= Euphémie Daguilh =

Euphémie Daguilh (died in Les Cayes, Haiti, 1834), was a Haitian composer and choreographer, royal mistress of emperor Jean-Jacques Dessalines. She and cared for the wounded during the campaign of 1805. Haitian legal historian Mirlande Manigat refers to her as Euphémie Daguile. She is believed to have been Dessalines' most influential mistress.

==Life==
Daguilh met Dessalines in Les Cayes during his campaign in Southern Haiti, where she nursed him during his sickness. She followed Dessalines during his campaign against Santo Domingo and made her name tending to the wounded soldiers during gunfight. Thomas Madiou has referred to her as a heroine.

Euphémie Daguilh composed several songs which became popular in Haiti.

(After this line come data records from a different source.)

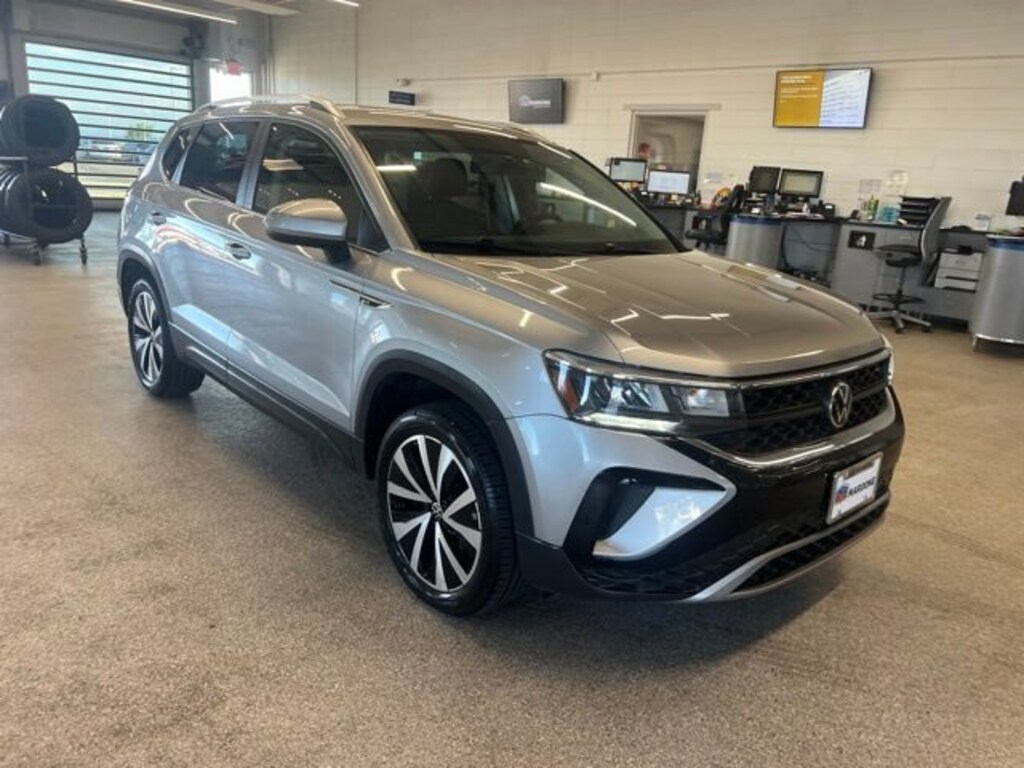 Used 2022 Volkswagen Taos 1.5T SE 4MOTION SUV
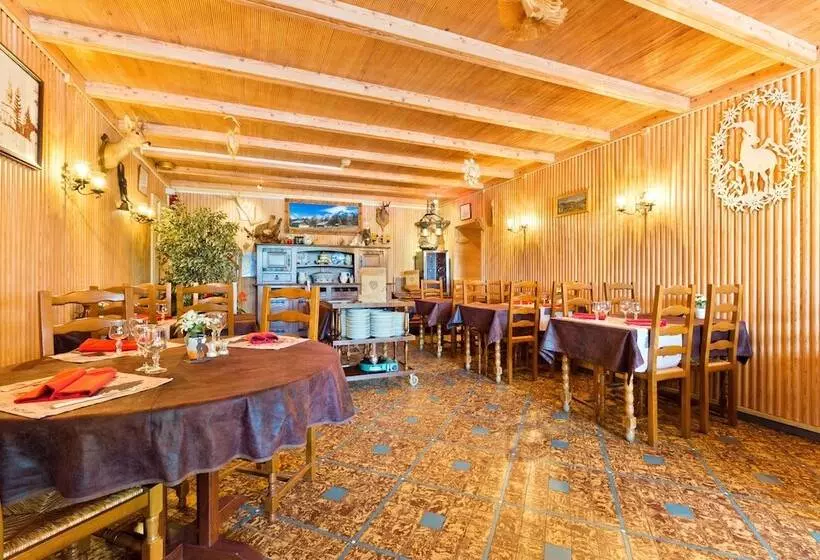 ホテル Aux Touristes Hôtel Restaurant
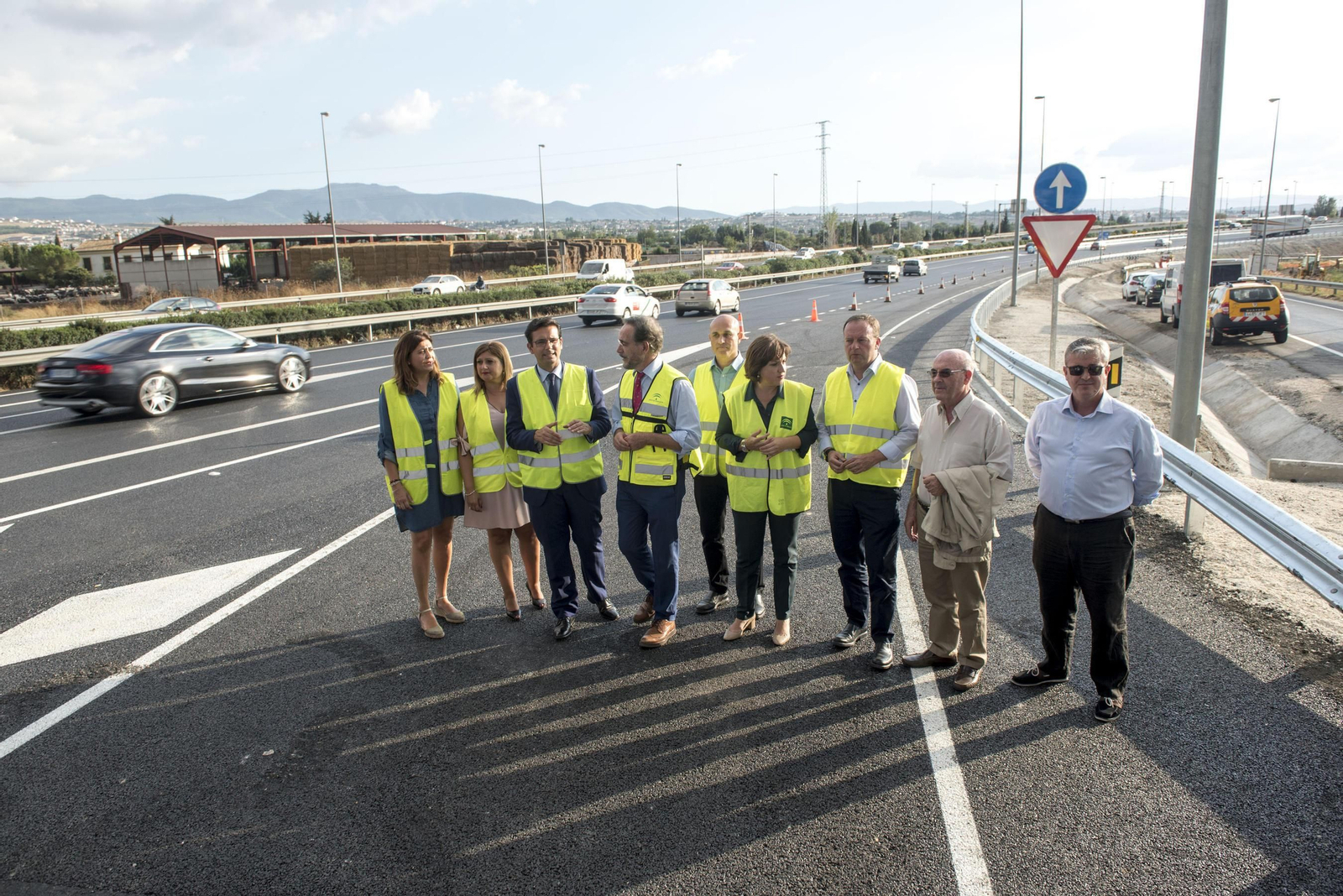 Representantes de la Junta y el Ayuntamiento, encabezados por el consejero Felipe López y el alcalde Francisco Cuenca, inauguraron la estructura.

Her relationship with Dessalines was public and a letter paper was printed with the text: "The Friend of Jacques, His Majesty Emperor of Haiti", and she was granted an allowance. Daguilh hosted a salon with the task to spy on the military of Southern Haiti. While Dessalines was still alive, her monthly expenses paid by the state were about 1,000 gourdes. Upon complaints to Dessalines by Balthazar Inginac, Director of state properties for the West of Haiti, her allowance was reduced to 800 piastres.

When Dessalines was deposed, a mob broke into her home with the intent to lynch her, but she managed to calm them by serving them dessert and singing her compositions to them. She later married one of the prominent members of the Haitian military, Lacoude Bellefleur aka Bellefleur Laconde with whom she'd had children before her liaison with Dessalines.